Globally, snakes are the most dreaded venomous animals since they induce morbidity and mortality greatly. Snakebite envenomation induces local tissue damage including myonecrosis and inflammation. Pathogenesis induced by snakebite is multifactorial and complex. Many studies reported the association of clinical symptoms with the biochemical variation of venom composition (20). Snake venom has evolved into a wide range of proteins and peptides that induce neurotoxic, hemotoxic, cytotoxic, inflammatory effects, etc. If not treated envenomation results in severe morbidity and even death. The main protein classes in snake venom causing a severe pathological effect in victims are three-finger toxins (3FTXs), phospholipase A2 (PLA A2), snake venom serine protease (SVSP), and snake venom metalloproteinase (SVMP) (21). Previously we reported the interaction of A.paniculata phytochemicals with PLA A2 of Russell’s viper. Phytochemicals had a great affinity towards the residues responsible for the myotoxic and enzymatic activity of PLA A2 (22).
Next to PLA A2, the predominant SVMP becomes the potent target for small pharmaceutical biomolecules. Apart from the hemorrhagic activity of snake venom metalloproteinase other activities namely fibro(ogen)olytic, prothrombin activation, activation of blood coagulation factor X, apoptosis, inhibition of platelet aggregation, pro-inflammatory and blood serine proteinase inhibitor inactivation are also attributed to SVMPs (23). All these factors have envisioned SVMP as a potential target.
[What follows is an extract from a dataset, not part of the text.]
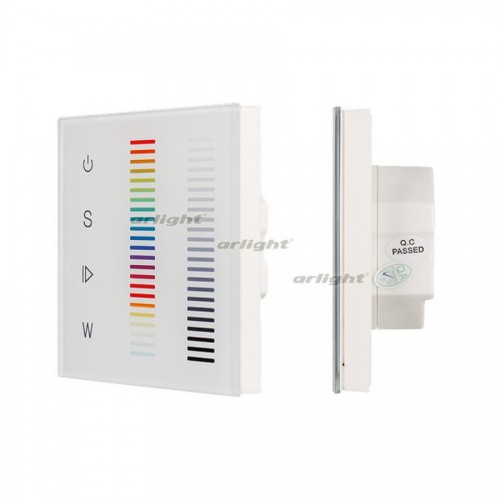 Панель Sens SR-2834RGBW-AC-RF-IN White (220V,RGBW,1 зона) (arlight, IP20 Пластик, 3 года)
SVMP (PDB ID: 2E3X) selected for the study represents class P-IIId, a heterotrimeric class of SVMP, which has MDC (M - metalloproteinase, D - Disintegrin-like, C - Cysteine-rich) domain along with snaclec domain. It is made up of a heavy chain and two light chains namely LA and LB. Cys133, present in the C-terminal of the light chain, bonds (disulfide bond) with Cys389 present in the heavy chain’s hyper variable region (HVR) (24). Zinc and calcium are involved in the catalytic activity and structural stabilization of SVMP respectively (25). Russell's viper metalloproteinase is a strong activator of the blood coagulating factor X (FX) (26). During the physiological coagulation, FX is activated upon R194-I195 bond cleavage by the factors IXa or VIIa resulting in the removal of the 52 residues at the N-terminal of the FX heavy chain which is heavily glycosylated. This results in the formation of a catalytic triad (the active site in this case) of the serine proteinase domain. Thus, the activated FX (FXa), in turn, facilitates the conversion of prothrombin to thrombin which eventually forms a hemostatic plug (27-29). Hence, SVMP is seen as one of the crucial proteins mediating the venomous activity of snake venom.
In cellular processes, the interaction of the protein with other molecules is needed for performing their biological function. Hence knowledge of interacting/functional sites would help us to develop inhibitors for receptor proteins. Therefore, the primary prerequisite step for protein-ligand docking studies is the identification of ligand binding sites Here the binding sites of SVMP are predicted using the metal pocket tool.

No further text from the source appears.